Poll Finds New York Voters Support Building Code Changes in Wake of Superstorm Sandy Devastation
According to a new poll released earlier this month, New York City and Long Island voters strongly support the state making changes to construction codes in the wake of Superstorm Sandy, which wreaked havoc along nearly the entire Atlantic Coast in October 2012. The poll of 406 registered voters in New York, commissioned by Build with Strength, a coalition that includes the National Ready Mixed Concrete Association, found 98 percent support and 59 percent strongly support changes to construction codes.
Superstorm Sandy cost the state $32 billion, with $19 billion in losses in New York City alone. With thousands of homes destroyed, those that were damaged but remained standing were forced to deal with the lingering effects of mold for more than a year.
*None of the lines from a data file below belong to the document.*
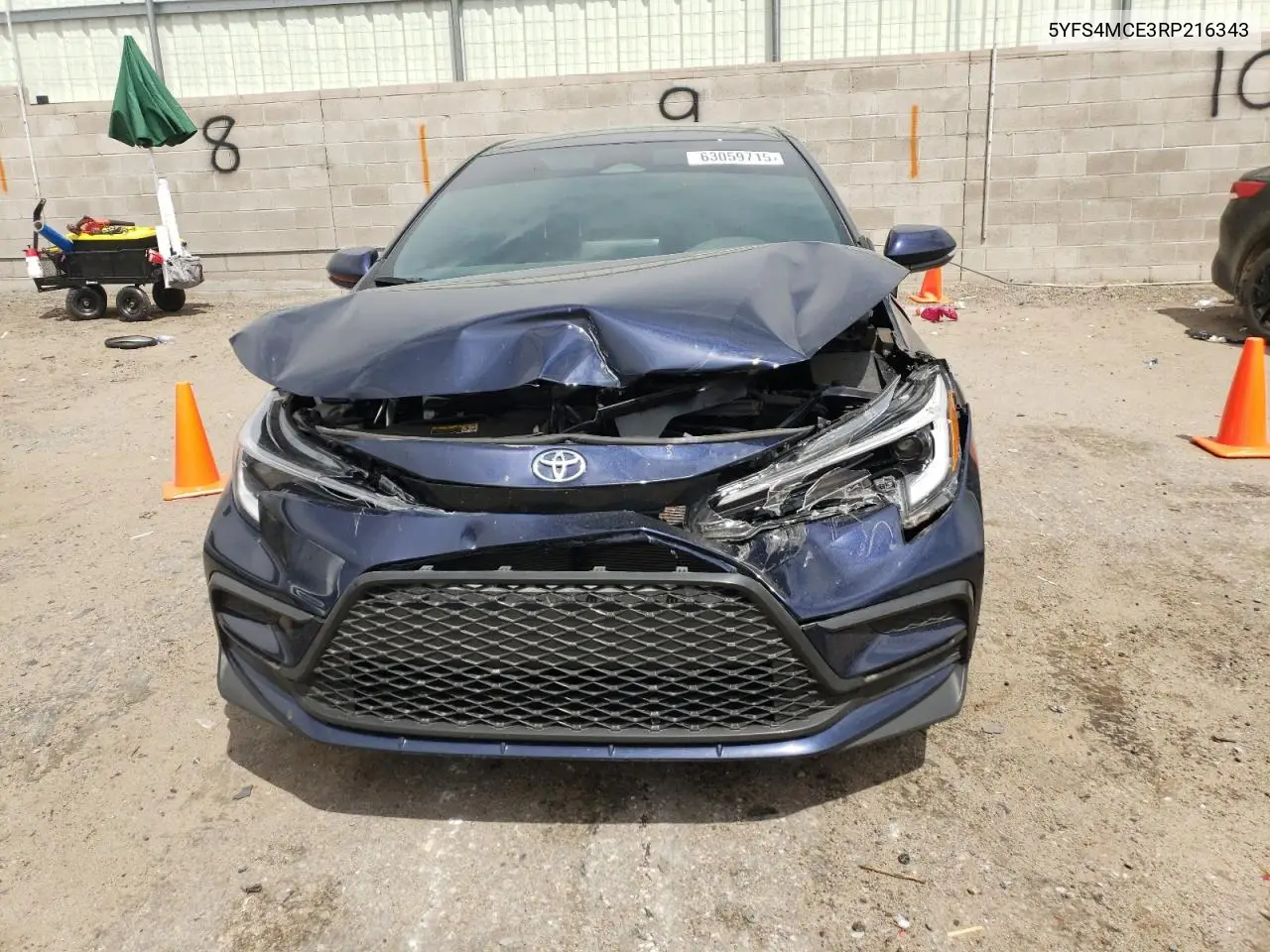 2024 Toyota Corolla Se VIN: 5YFS4MCE3RP216343 Lot: 63059715
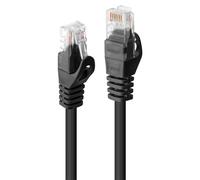 LINDY CAVO DI RETE CAT.6 U/UTP BASIC 2MT CONNETTORE RJ45 NON SCHERMATO NERO NEW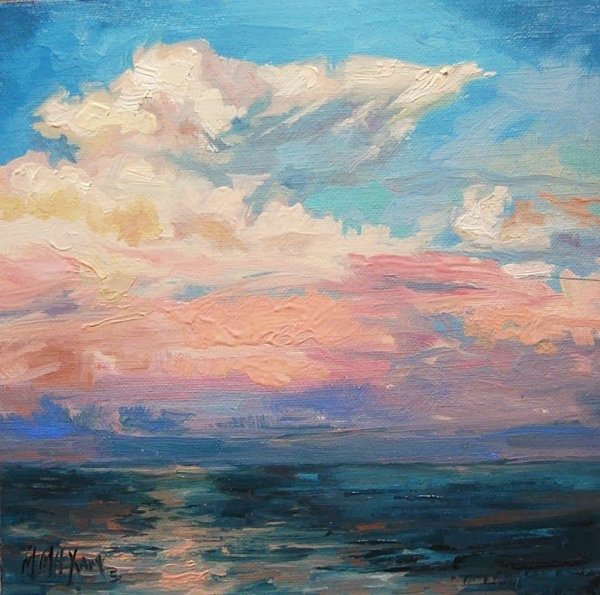 Небо масляными красками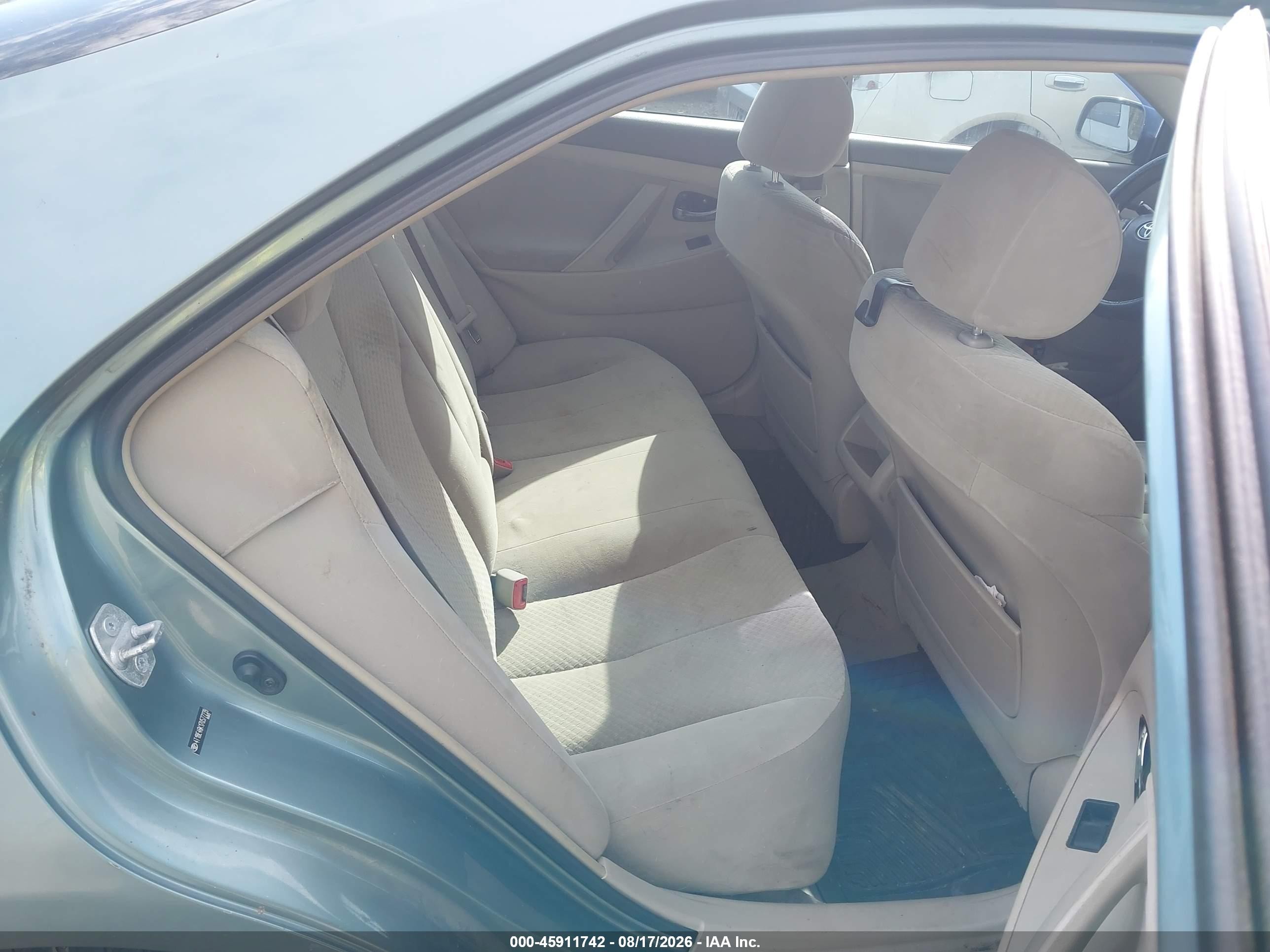2007 Toyota Camry Le Green vin: 4T1BE46K17U577239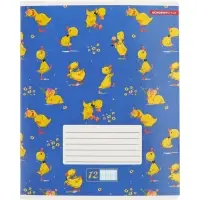 Тетрадь 12л кл Забавные утята, обл карт, МИКС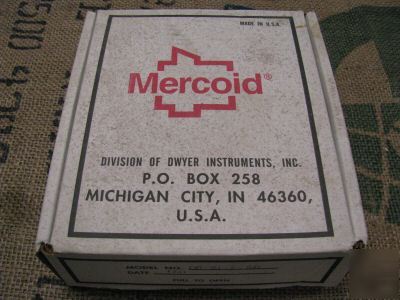Da-31-2-3A dwyer mercoid bourdon tube pressure switch 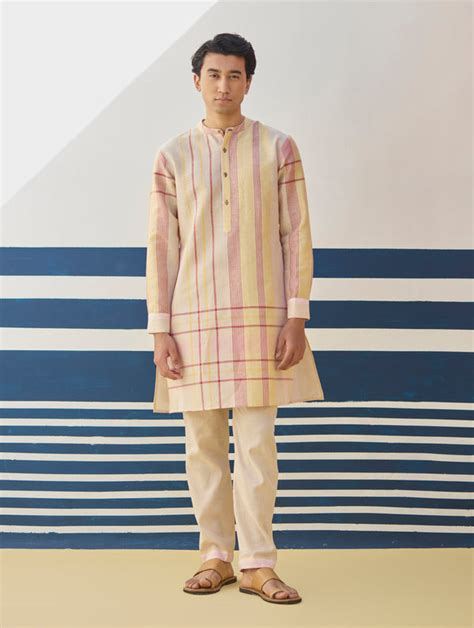 Buy Men's Linen Kurta Sets Online | Casual Kurta Sets – Manan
In addition to calling for construction code changes, the poll found voters also support legislation that: requires all buildings over three stories high have concrete and steel frames for greater safety and durability (92% support); limits wood-frame construction to three stories and 20,000 square feet per floor (86% support) and bans light frame construction (like wood) in multifamily dwellings and densely populated areas to save lives in the event of a fire (85% support).
The New York poll reiterates the results of a similar poll of New Jersey voters, which found respondents very supportive of the state making changes to building codes following the devastating Edgewater apartment complex fire in January 2015.